He who did not spare his own Son but gave him up for us all, how will he not also with him graciously give us all things?" - Romans 8:32

« Home | Under Cover of Night » | Significance & Limitations of Short-term Missions » | Death by Love - new book by Mark Driscoll » | Should We Be Rethinking Missions Training? » | The Purpose Driven DEATH » | Joshua Project » | This Post is Quisquilious » | Chapman Family Interview from Larry King Live » | The Problem With Ugly People » | Know Thine Own City » 

Friday, August 15, 2008 

Paul Loves the Old Testament

My friend Paul Caspers loves the Old Testament & waxes eloquently as to why. Well worth the read below...


I was reading this morning from The Daily Bible.
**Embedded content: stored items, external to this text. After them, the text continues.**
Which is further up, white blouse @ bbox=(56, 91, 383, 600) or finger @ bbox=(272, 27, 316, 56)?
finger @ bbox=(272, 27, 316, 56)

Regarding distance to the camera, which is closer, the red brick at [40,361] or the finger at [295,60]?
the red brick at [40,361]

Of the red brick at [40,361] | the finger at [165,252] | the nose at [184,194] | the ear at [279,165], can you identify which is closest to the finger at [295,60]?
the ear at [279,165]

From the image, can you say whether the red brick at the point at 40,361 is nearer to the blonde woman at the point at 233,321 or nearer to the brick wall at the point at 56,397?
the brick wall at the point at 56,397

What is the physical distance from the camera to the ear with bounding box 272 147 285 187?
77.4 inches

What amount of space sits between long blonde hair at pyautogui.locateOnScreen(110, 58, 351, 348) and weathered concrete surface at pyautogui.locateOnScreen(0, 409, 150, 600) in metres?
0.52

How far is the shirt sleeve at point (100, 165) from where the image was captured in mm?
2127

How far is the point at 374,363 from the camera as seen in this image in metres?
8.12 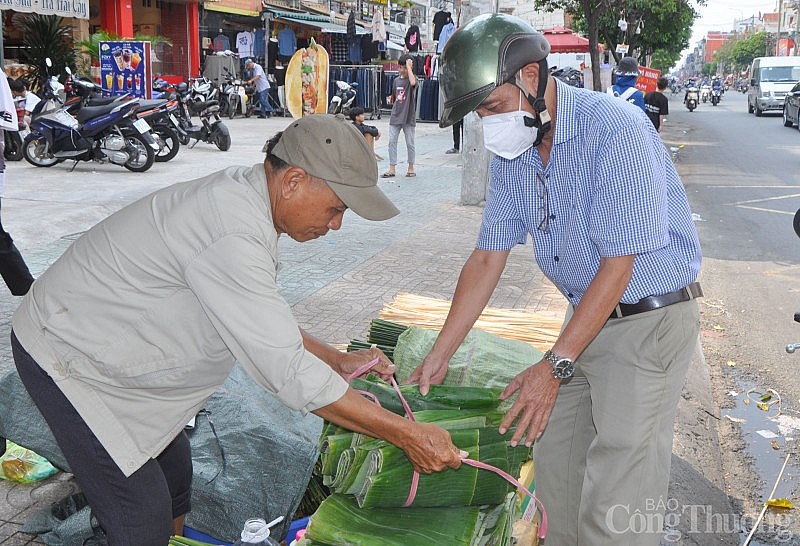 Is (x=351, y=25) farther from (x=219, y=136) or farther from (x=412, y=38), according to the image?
(x=219, y=136)

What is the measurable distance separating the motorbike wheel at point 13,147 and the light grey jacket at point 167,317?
12268mm

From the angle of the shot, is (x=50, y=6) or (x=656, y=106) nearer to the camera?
(x=50, y=6)

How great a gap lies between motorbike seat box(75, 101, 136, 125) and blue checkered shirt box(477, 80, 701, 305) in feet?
35.5

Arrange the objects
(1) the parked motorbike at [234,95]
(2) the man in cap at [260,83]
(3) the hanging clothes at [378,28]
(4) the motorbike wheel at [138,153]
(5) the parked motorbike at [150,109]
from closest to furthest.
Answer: (4) the motorbike wheel at [138,153] < (5) the parked motorbike at [150,109] < (1) the parked motorbike at [234,95] < (2) the man in cap at [260,83] < (3) the hanging clothes at [378,28]

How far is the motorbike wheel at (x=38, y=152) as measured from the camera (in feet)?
41.6

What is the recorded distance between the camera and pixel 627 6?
28.4 metres

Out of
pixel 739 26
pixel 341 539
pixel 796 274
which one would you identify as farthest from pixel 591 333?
pixel 739 26

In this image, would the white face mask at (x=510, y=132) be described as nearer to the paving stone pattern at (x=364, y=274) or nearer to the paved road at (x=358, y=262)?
the paved road at (x=358, y=262)

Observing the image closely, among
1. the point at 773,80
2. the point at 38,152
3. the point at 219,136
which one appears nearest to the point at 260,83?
the point at 219,136

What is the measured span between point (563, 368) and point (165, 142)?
41.2 ft

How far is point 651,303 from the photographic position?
7.80 feet

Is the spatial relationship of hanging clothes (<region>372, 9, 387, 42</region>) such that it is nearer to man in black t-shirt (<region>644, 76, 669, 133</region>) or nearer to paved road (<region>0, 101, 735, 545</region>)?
man in black t-shirt (<region>644, 76, 669, 133</region>)

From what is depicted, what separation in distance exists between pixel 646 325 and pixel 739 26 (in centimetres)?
21279

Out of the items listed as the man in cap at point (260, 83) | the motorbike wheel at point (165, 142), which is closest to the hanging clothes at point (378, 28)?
the man in cap at point (260, 83) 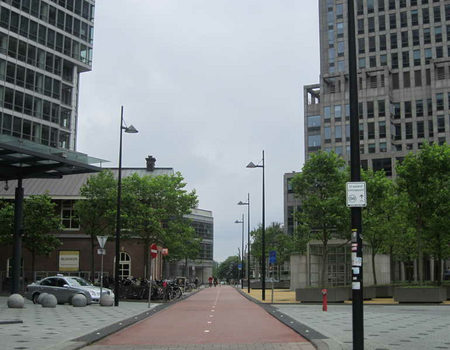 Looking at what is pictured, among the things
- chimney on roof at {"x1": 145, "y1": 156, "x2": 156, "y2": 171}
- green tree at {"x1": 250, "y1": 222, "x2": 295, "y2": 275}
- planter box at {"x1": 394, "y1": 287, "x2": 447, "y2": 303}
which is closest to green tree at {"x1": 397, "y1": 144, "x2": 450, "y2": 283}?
planter box at {"x1": 394, "y1": 287, "x2": 447, "y2": 303}

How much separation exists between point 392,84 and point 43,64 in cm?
5704

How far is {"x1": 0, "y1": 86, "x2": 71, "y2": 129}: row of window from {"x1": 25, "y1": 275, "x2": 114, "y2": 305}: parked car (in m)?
37.1

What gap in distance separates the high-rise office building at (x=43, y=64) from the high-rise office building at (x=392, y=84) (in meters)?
42.6

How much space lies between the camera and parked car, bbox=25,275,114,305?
101ft

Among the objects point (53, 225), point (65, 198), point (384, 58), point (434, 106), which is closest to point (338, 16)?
point (384, 58)

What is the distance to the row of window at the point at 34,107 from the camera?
6444 centimetres

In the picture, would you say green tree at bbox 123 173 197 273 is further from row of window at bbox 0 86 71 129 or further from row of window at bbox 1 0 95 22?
row of window at bbox 1 0 95 22

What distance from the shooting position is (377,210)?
3912 cm

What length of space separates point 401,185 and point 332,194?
4.08 metres

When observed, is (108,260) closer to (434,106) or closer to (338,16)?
(434,106)

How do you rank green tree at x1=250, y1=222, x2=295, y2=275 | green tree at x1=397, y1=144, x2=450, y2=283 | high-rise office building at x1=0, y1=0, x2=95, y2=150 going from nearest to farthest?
green tree at x1=397, y1=144, x2=450, y2=283 → high-rise office building at x1=0, y1=0, x2=95, y2=150 → green tree at x1=250, y1=222, x2=295, y2=275

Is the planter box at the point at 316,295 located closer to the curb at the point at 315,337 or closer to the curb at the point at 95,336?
the curb at the point at 95,336

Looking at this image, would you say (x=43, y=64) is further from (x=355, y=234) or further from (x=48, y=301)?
(x=355, y=234)

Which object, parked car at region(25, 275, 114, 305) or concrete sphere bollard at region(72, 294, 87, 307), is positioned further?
parked car at region(25, 275, 114, 305) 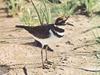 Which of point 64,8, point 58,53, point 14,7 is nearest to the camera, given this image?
point 58,53

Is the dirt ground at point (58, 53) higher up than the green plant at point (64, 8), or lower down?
lower down

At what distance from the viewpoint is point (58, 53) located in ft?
13.8

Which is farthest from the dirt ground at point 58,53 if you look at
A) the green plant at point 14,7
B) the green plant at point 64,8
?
the green plant at point 14,7

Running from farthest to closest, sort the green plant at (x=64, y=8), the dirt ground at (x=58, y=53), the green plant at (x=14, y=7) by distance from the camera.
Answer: the green plant at (x=14, y=7), the green plant at (x=64, y=8), the dirt ground at (x=58, y=53)

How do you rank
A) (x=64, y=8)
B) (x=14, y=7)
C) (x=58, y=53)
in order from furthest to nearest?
1. (x=14, y=7)
2. (x=64, y=8)
3. (x=58, y=53)

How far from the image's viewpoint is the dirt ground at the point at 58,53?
3.85 meters

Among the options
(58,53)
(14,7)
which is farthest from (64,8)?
(58,53)

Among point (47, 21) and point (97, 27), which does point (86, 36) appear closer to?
point (97, 27)

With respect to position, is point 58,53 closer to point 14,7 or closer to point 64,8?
point 64,8

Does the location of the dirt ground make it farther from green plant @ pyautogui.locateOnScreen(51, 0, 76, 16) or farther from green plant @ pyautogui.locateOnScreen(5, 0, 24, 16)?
green plant @ pyautogui.locateOnScreen(5, 0, 24, 16)

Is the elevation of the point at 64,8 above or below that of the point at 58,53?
above

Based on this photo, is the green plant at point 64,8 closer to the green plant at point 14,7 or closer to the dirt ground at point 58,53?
the dirt ground at point 58,53

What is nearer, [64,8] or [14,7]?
[64,8]

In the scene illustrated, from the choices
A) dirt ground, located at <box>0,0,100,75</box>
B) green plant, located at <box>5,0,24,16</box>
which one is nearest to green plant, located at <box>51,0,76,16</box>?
dirt ground, located at <box>0,0,100,75</box>
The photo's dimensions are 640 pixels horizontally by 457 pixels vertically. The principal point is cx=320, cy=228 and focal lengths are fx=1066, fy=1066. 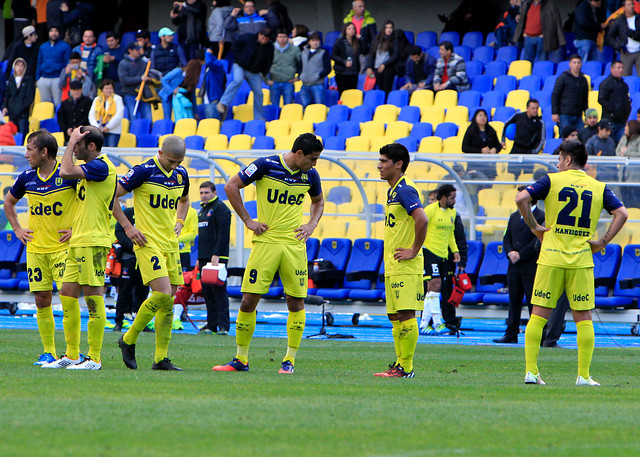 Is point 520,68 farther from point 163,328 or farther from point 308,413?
point 308,413

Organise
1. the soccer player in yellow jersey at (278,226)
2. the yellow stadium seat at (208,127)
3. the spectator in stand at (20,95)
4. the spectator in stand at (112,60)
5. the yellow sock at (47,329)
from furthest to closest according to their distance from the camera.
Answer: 1. the spectator in stand at (112,60)
2. the spectator in stand at (20,95)
3. the yellow stadium seat at (208,127)
4. the yellow sock at (47,329)
5. the soccer player in yellow jersey at (278,226)

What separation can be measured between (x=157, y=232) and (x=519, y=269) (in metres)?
7.57

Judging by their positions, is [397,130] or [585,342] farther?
[397,130]

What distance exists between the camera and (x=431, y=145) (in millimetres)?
23328

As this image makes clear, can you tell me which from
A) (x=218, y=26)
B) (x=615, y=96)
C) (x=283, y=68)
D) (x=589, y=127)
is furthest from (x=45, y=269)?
(x=218, y=26)

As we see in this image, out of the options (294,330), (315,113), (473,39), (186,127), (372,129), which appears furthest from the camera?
(473,39)

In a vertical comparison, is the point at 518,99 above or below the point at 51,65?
below

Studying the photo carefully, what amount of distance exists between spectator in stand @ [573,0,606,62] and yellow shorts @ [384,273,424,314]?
16264 millimetres

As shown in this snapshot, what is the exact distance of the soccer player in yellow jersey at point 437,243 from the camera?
57.4 ft

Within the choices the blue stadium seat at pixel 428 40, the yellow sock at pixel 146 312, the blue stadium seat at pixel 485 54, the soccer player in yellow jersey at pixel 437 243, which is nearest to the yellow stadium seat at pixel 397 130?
the blue stadium seat at pixel 485 54

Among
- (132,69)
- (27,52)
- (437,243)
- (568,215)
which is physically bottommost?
(437,243)

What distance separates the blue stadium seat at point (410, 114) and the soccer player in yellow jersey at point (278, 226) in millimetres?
15555

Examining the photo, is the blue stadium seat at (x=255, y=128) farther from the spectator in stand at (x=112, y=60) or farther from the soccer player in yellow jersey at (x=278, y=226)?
the soccer player in yellow jersey at (x=278, y=226)

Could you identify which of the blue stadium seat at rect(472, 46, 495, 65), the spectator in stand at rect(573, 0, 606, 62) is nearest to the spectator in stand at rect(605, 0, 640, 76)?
the spectator in stand at rect(573, 0, 606, 62) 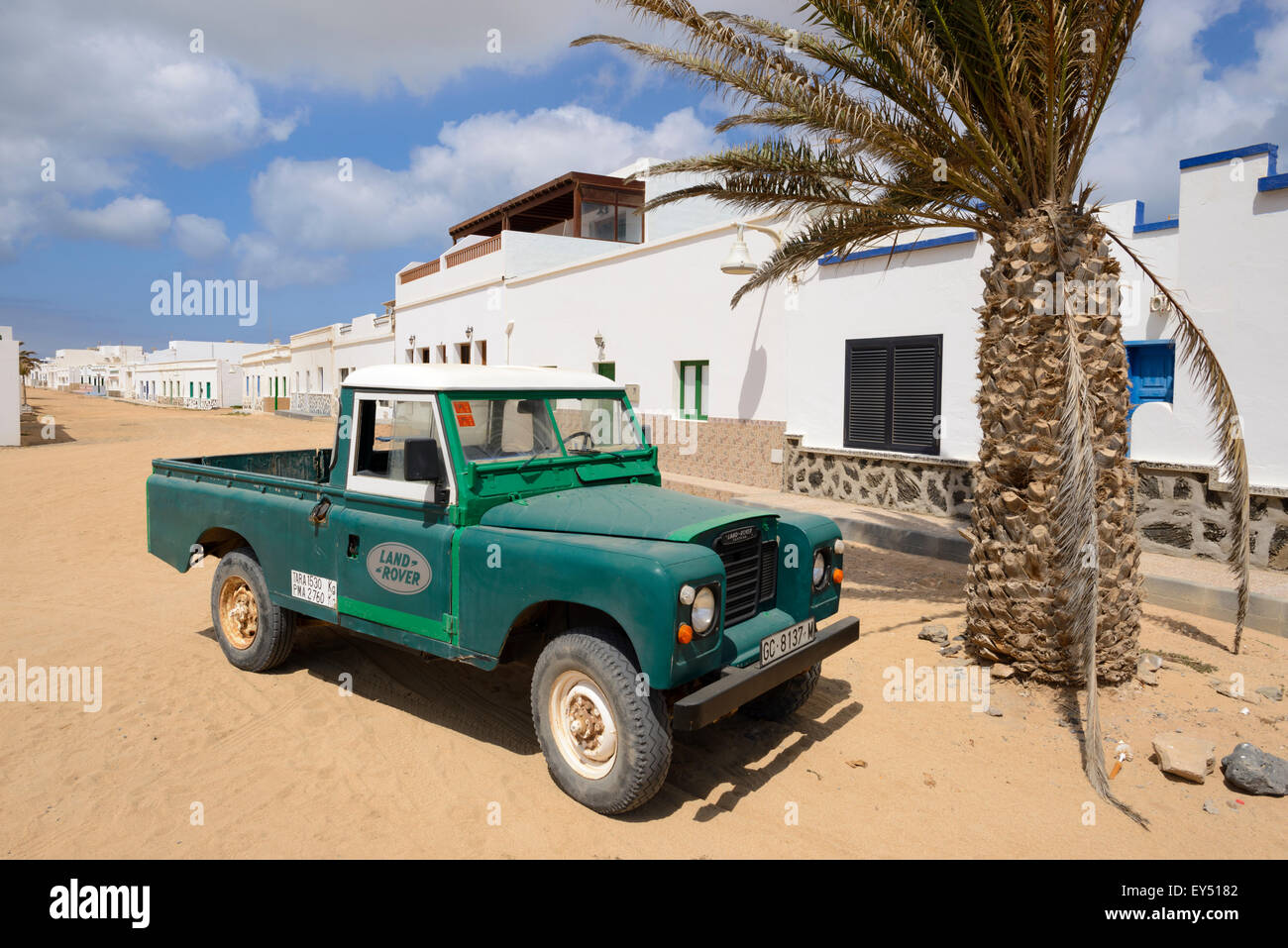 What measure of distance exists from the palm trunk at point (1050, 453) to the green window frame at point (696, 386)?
Answer: 9.35 meters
I'm currently around 586 B.C., that's when the Babylonian king Nebuchadnezzar finally captured Jerusalem and killed most of the remaining people, took 4,600 into exile, and left behind only the extremely poor with a puppet governor and the prophet Jeremiah. So, in the months leading up to the final destruction of Jerusalem, Jeremiah tells the people, the army, and the king that if they will surrender themselves to the king of Babylon then they will not be killed. However, he warns, if they stay in Jerusalem, then they are all going to die by the sword, pestilence, or plague. (Jeremiah 38 is the particular passage that caught my attention this morning.)

Now, it struck me that this is a message I've heard before somewhere else in the Bible. Surrender to the king and live, or try to preserve your present state and die. ..."For whoever wants to save his life will lose it, but whoever loses his life for me will save it," (Luke 9:24, see also Matthew 16:25 and Mark 8:35). Maybe the parallel is lost on you; I never saw it until today. You see, Nebuchadnezzar was known as "the king of kings" the LORD himself calls him by this name through His prophets. The God of Israel was telling his stubborn, rebellious, falsely-religious, idolatrous people that to surrender their lives to the king of kings was their way of salvation. It was time for them to give up on all the trappings of being God's people that they had clung to and spend some time in exile in a foreign land, but their was always the promise of restoration to the land and to their corporate relationship with the LORD.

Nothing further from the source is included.